• HOW TO COMPLETE THIS TASK
Print word for word whatever lies between the first line of the material and the line holding "ocean and mountains.", both included, and omit all pictures.

• AVAILABLE RECORDS
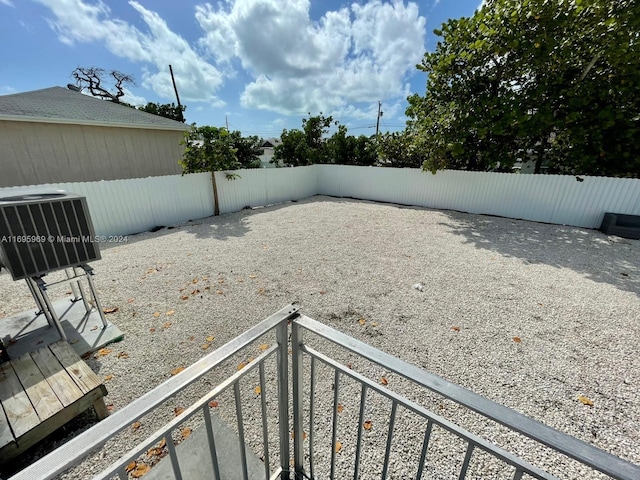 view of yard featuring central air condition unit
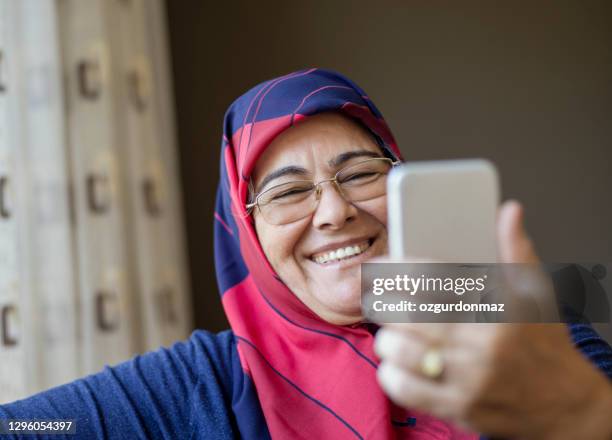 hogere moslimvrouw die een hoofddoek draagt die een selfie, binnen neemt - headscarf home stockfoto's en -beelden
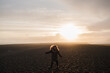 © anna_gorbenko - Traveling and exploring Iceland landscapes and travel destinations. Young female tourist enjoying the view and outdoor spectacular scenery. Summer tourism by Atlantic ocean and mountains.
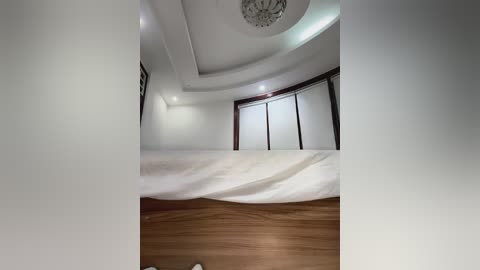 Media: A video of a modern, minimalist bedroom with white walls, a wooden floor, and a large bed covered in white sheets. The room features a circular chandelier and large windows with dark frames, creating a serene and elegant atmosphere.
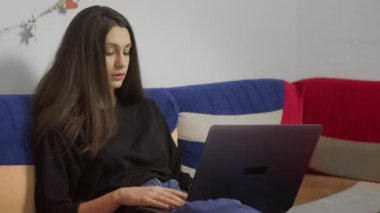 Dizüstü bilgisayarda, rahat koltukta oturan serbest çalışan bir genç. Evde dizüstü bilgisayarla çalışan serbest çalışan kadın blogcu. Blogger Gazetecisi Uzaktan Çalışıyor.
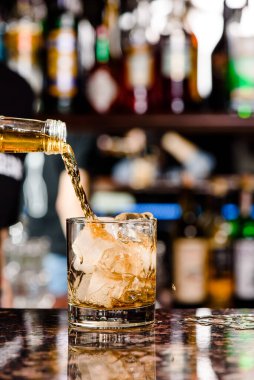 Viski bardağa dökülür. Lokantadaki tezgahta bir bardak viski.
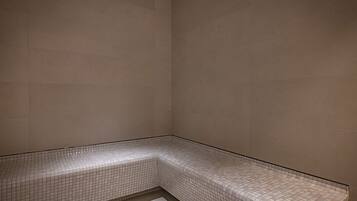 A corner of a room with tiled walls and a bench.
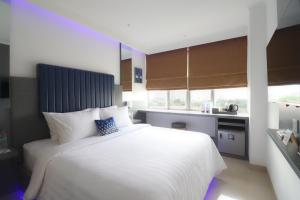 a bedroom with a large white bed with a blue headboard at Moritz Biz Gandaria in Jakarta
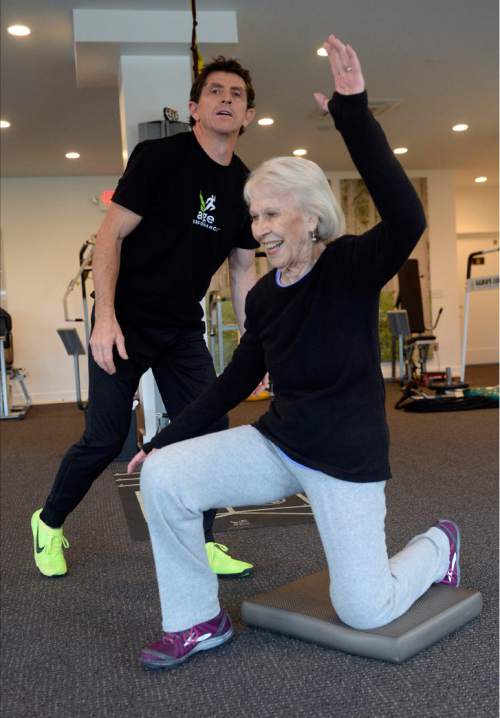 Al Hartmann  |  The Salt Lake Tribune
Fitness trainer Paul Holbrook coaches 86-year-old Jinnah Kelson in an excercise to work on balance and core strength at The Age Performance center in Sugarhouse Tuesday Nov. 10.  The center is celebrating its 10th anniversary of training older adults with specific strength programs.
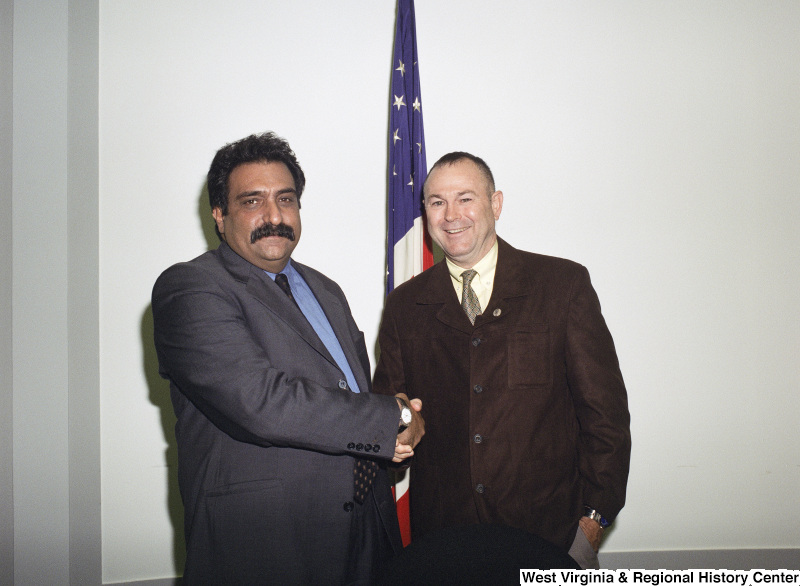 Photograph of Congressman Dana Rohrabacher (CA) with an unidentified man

• FINISHED EXERCISE
 view of yard featuring central air condition unit
 hogere moslimvrouw die een hoofddoek draagt die een selfie, binnen neemt - headscarf home stockfoto's en -beelden
 © anna_gorbenko - Traveling and exploring Iceland landscapes and travel destinations. Young female tourist enjoying the view and outdoor spectacular scenery. Summer tourism by Atlantic ocean and mountains.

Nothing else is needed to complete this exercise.